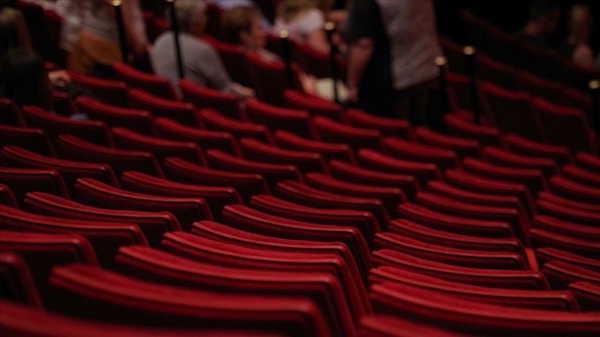 GÜLSİN ONAY, KADINLAR GÜNÜ KONSERİNDE İDSO İLE AYNI SAHNEYİ PAYLAŞACAK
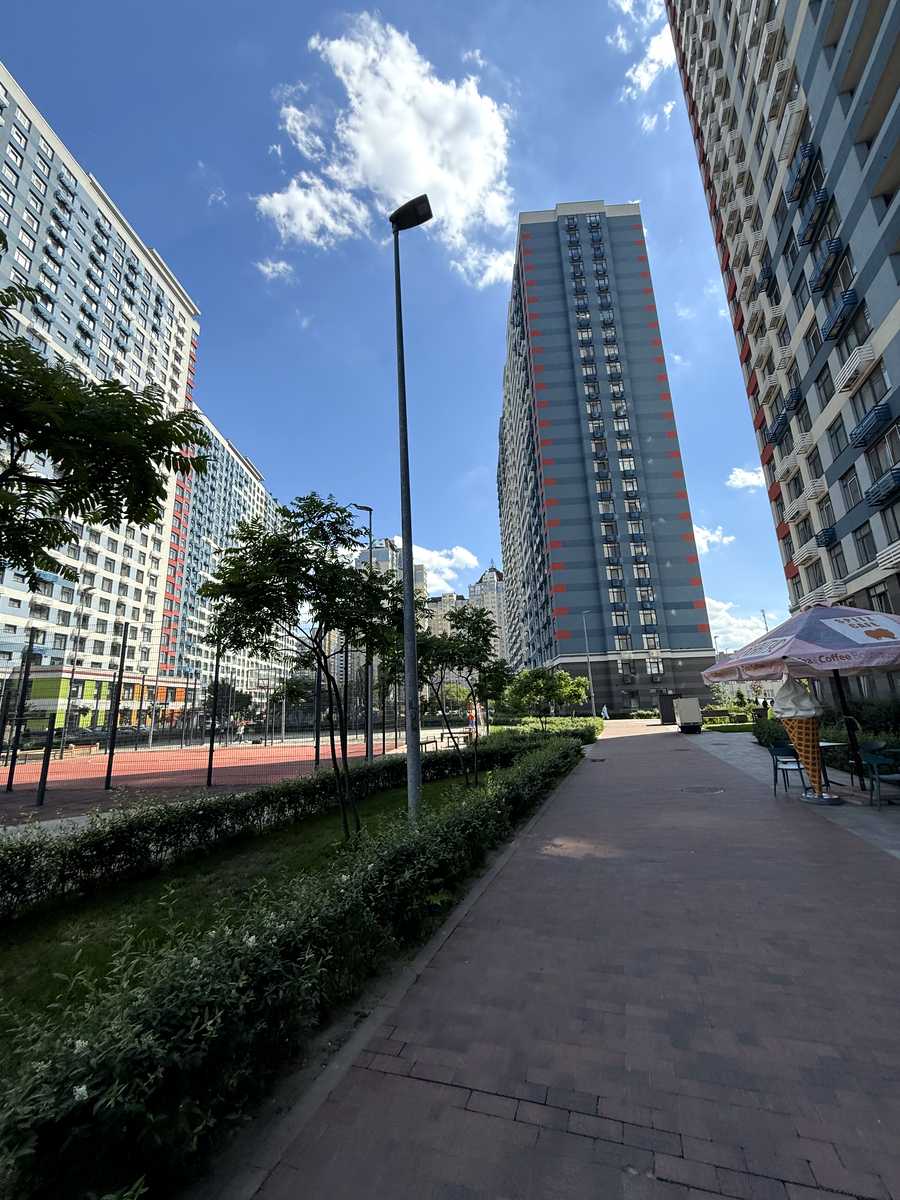 1835810275509324
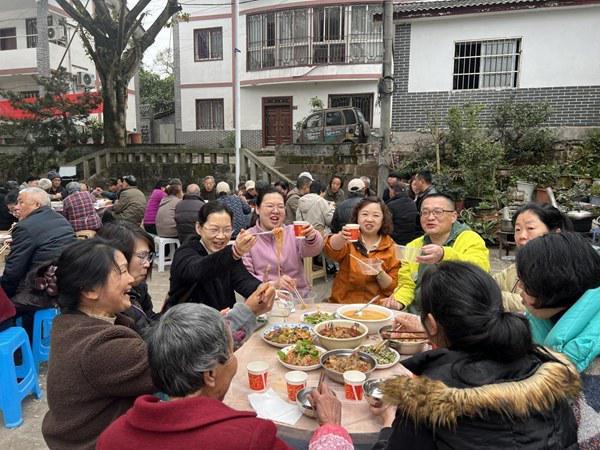 一桌饭 融合共建大坪村CQ9电子城乡“新老”(图2)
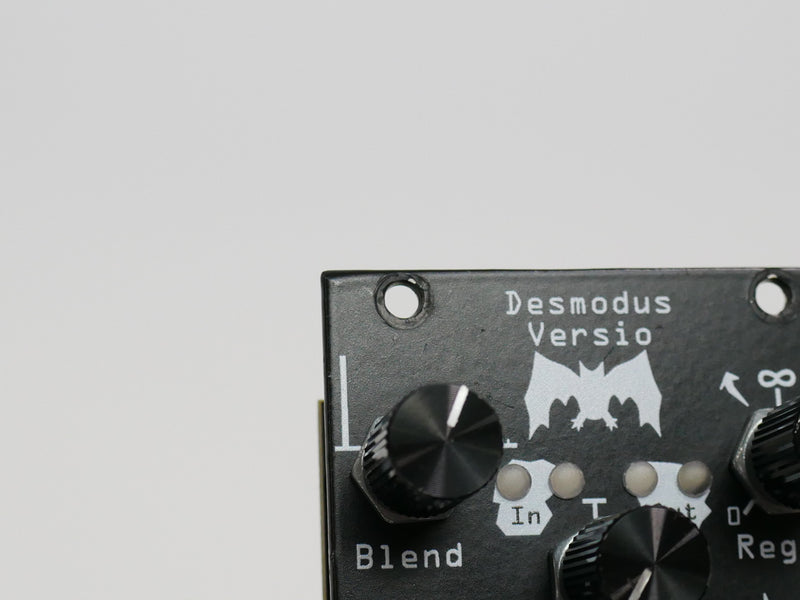 Noise Engineering Desmodus Versio (中古)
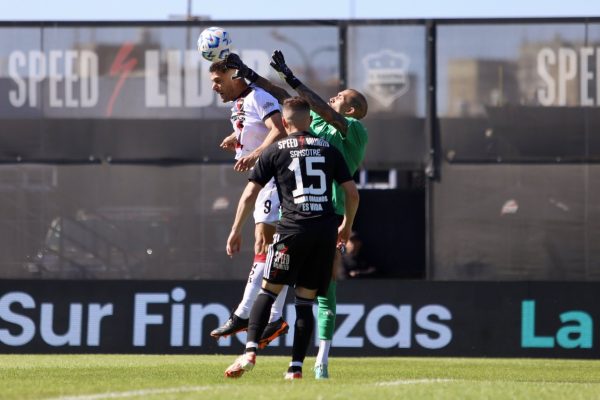 En un partidazo a puro gol, Riestra y Newell`s quedaron a mano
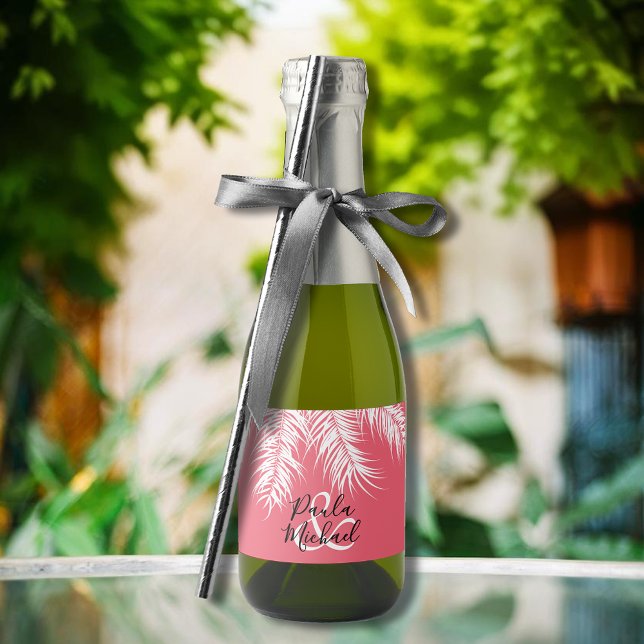 Palmas brancas tropicais em Mini Casamento Rosa (White palm tree fronds on pink mini sparkling wine labels personalized for your wedding)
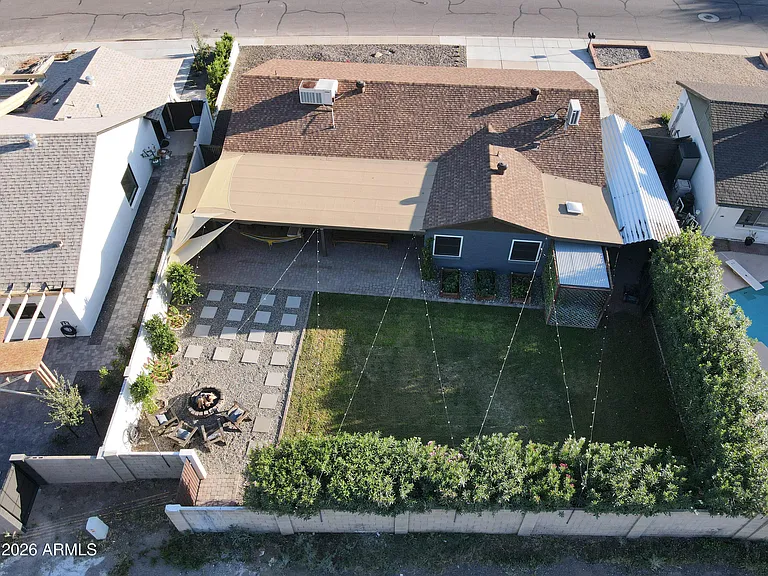 2200 N Los Altos Dr — Photo 43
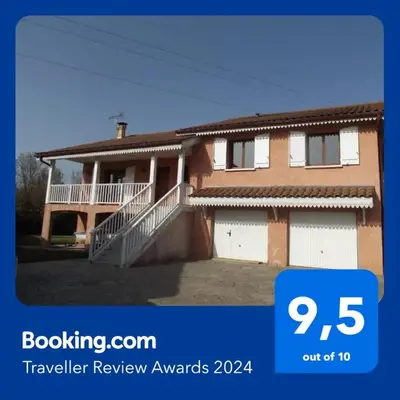 Grand Appartement avec cheminée dans maison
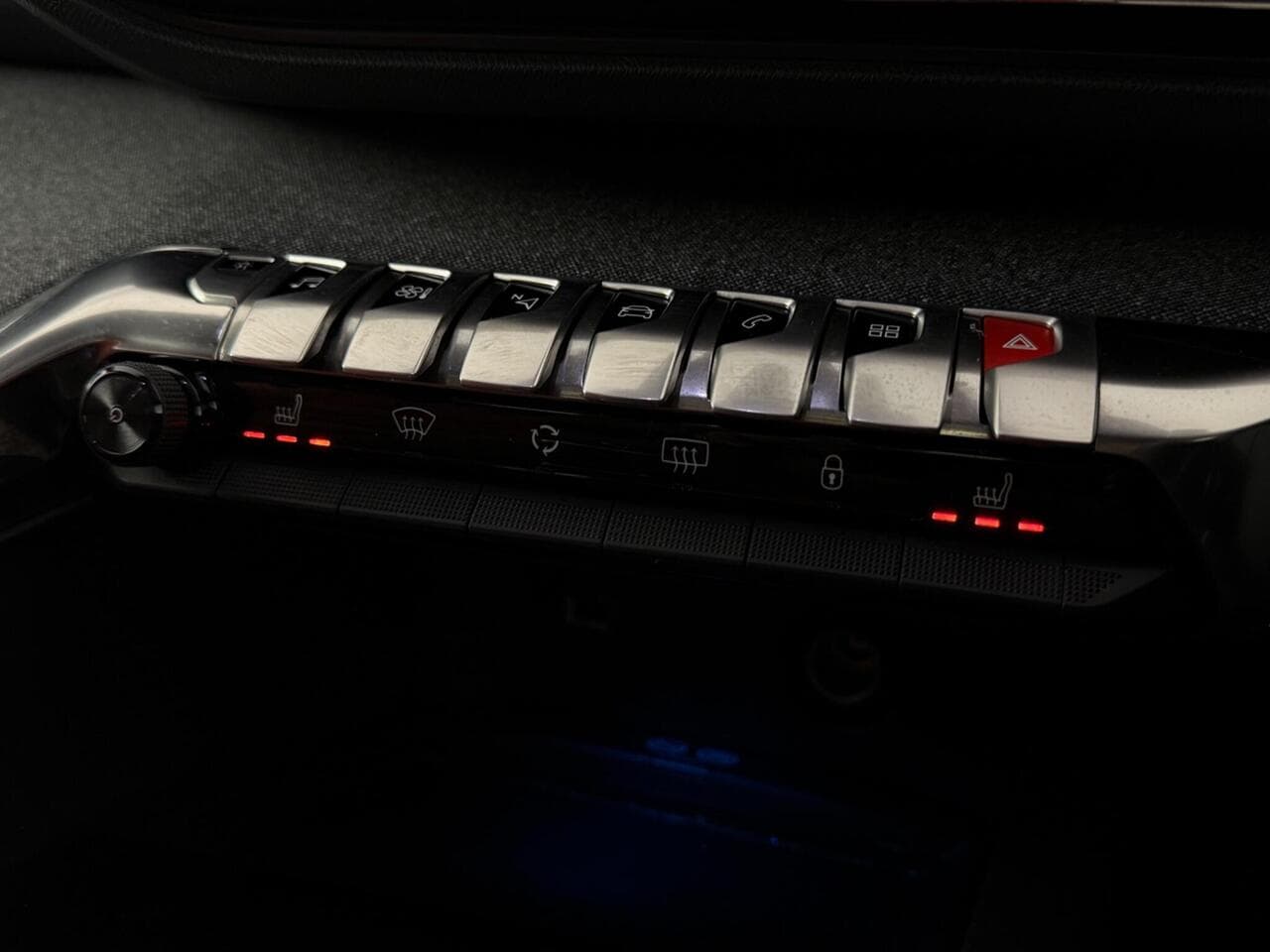 Peugeot 5008 thumbnail Misc Controls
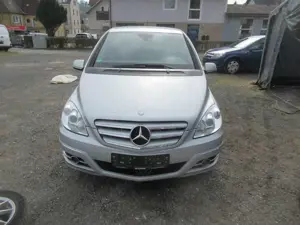 Mercedes-Benz B 180 BlueEFFICIENCY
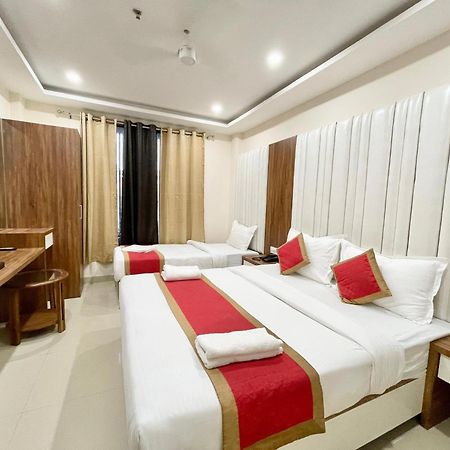 Hotel Shree Radha Krishna Варанаси Экстерьер фото
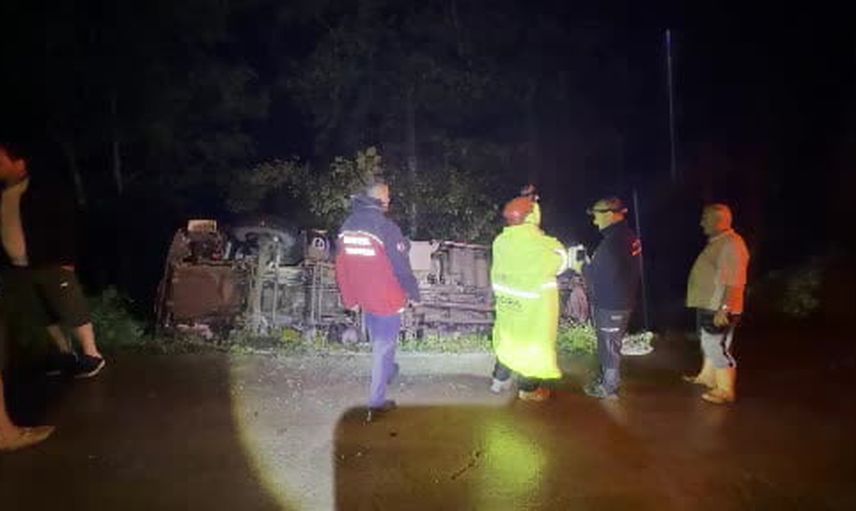 Gece yağışı sonrası Hopa Başoba'da kamyon dere yatağına devrildi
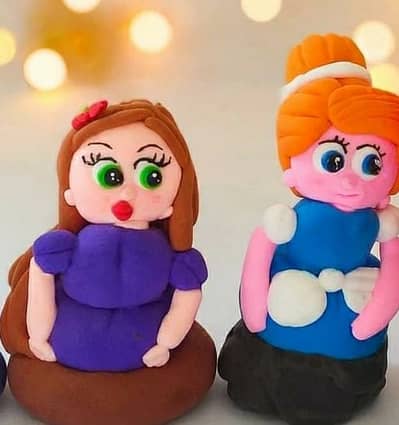 Set of 2 handmade dolls made with super clay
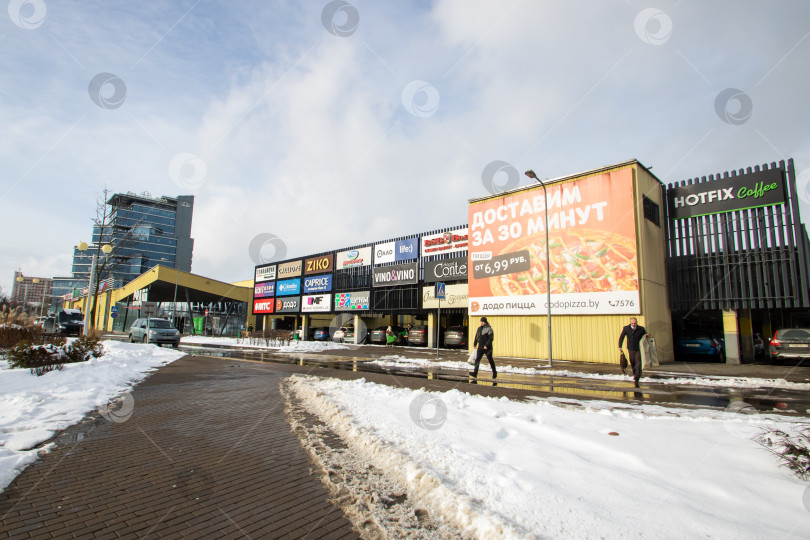Скачать Беларусь, Минск - 07 февраля 2024 года: Фасад торгового центра "Скала" фотосток Ozero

**AIM OF THE TASK:** Reprint the whole listing verbatim except for the pictures.

**THE ANSWER:**
 GÜLSİN ONAY, KADINLAR GÜNÜ KONSERİNDE İDSO İLE AYNI SAHNEYİ PAYLAŞACAK
 1835810275509324
 一桌饭 融合共建大坪村CQ9电子城乡“新老”(图2)
 Noise Engineering Desmodus Versio (中古)
 En un partidazo a puro gol, Riestra y Newell`s quedaron a mano
 Palmas brancas tropicais em Mini Casamento Rosa (White palm tree fronds on pink mini sparkling wine labels personalized for your wedding)
 2200 N Los Altos Dr — Photo 43
 Grand Appartement avec cheminée dans maison
 Peugeot 5008 thumbnail Misc Controls
 Mercedes-Benz B 180 BlueEFFICIENCY
 Hotel Shree Radha Krishna Варанаси Экстерьер фото
 Gece yağışı sonrası Hopa Başoba'da kamyon dere yatağına devrildi
 Set of 2 handmade dolls made with super clay
Скачать Беларусь, Минск - 07 февраля 2024 года: Фасад торгового центра "Скала" фотосток Ozero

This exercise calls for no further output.